Material for the task Block Start

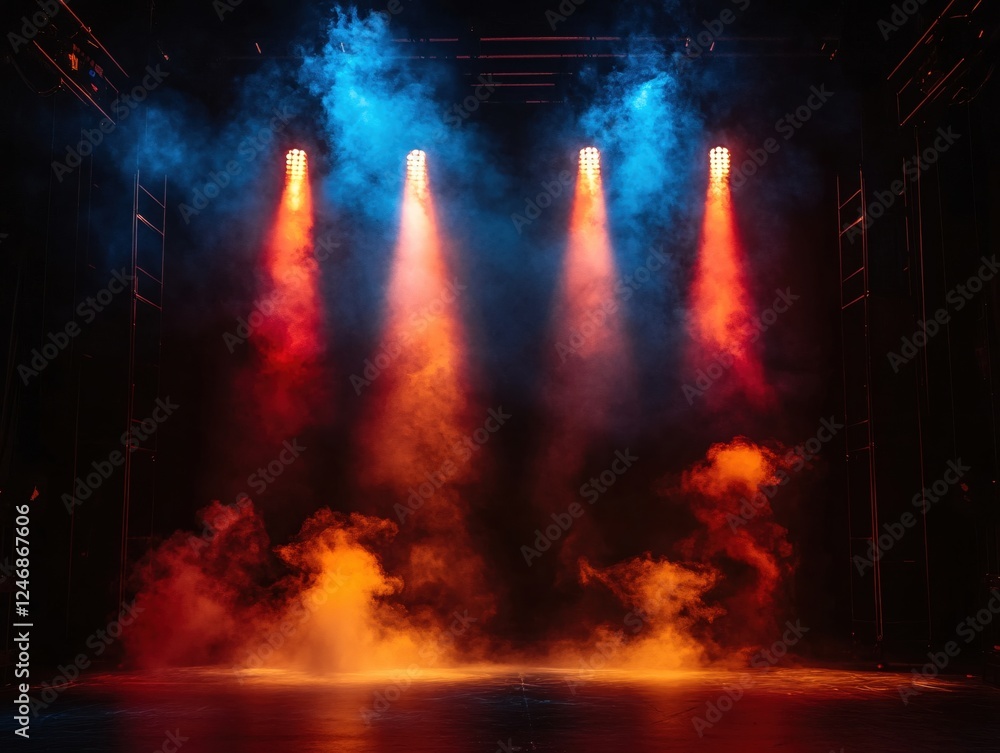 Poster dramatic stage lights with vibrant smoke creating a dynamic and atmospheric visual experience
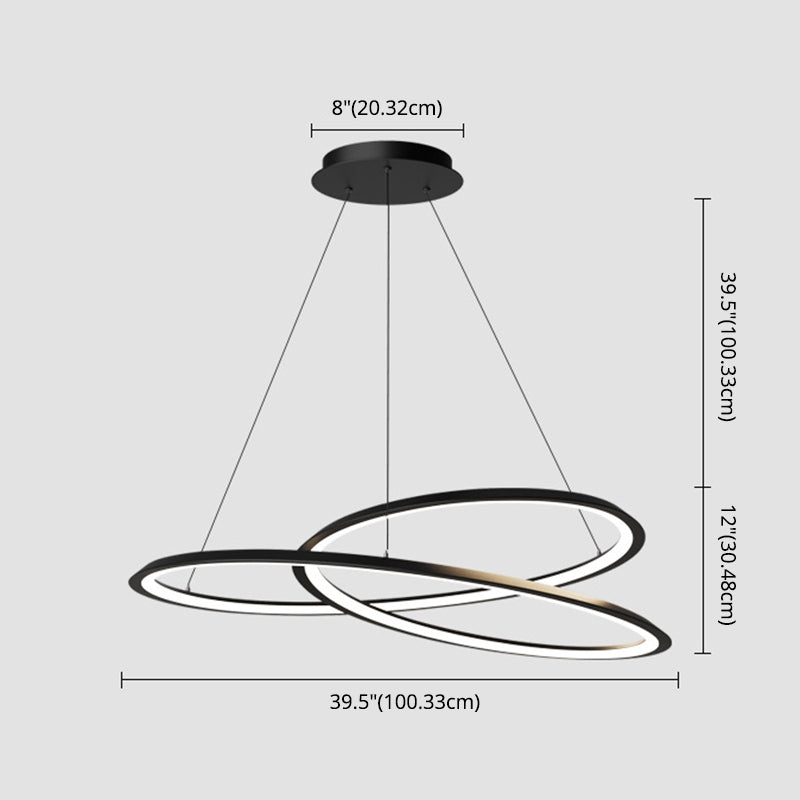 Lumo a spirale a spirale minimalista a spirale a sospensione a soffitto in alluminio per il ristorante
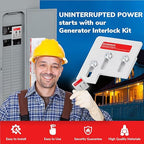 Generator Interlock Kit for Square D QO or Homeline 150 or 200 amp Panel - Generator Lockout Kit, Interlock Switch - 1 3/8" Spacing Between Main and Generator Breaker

Material for the task Block End
Material for the task Block Start

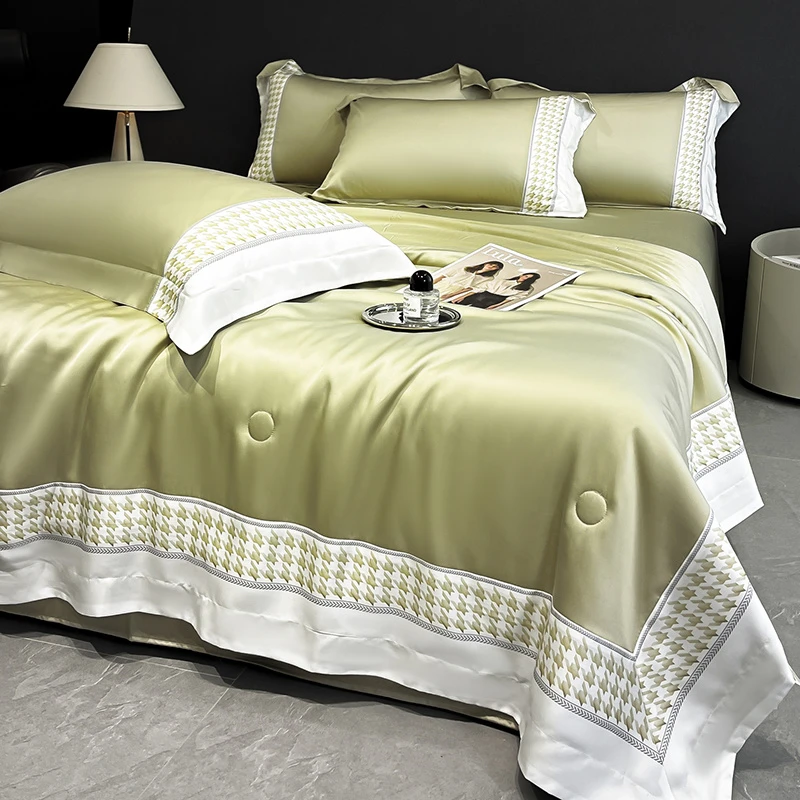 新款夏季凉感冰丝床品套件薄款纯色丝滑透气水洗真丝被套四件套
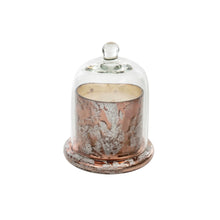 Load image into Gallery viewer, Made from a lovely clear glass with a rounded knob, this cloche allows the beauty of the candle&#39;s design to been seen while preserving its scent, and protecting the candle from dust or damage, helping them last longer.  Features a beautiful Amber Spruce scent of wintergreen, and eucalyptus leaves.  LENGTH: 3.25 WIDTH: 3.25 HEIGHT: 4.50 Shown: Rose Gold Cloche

Material for the task Block End
Material for the task Block Start

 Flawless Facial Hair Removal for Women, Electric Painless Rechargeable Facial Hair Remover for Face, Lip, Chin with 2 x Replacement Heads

Material for the task Block End

* [Prompt] Give back the exact lines above, running from the one that has "新款夏季凉感冰丝床品套件薄款纯色丝滑透气水洗真丝被套四件套" through the one that has "Load image into", with nothing added and no pictures.

* [Response to this task]
 新款夏季凉感冰丝床品套件薄款纯色丝滑透气水洗真丝被套四件套
 Load image into Gallery viewer, Made from a lovely clear glass with a rounded knob, this cloche allows the beauty of the candle&#39;s design to been seen while preserving its scent, and protecting the candle from dust or damage, helping them last longer.  Features a beautiful Amber Spruce scent of wintergreen, and eucalyptus leaves.  LENGTH: 3.25 WIDTH: 3.25 HEIGHT: 4.50 Shown: Rose Gold Cloche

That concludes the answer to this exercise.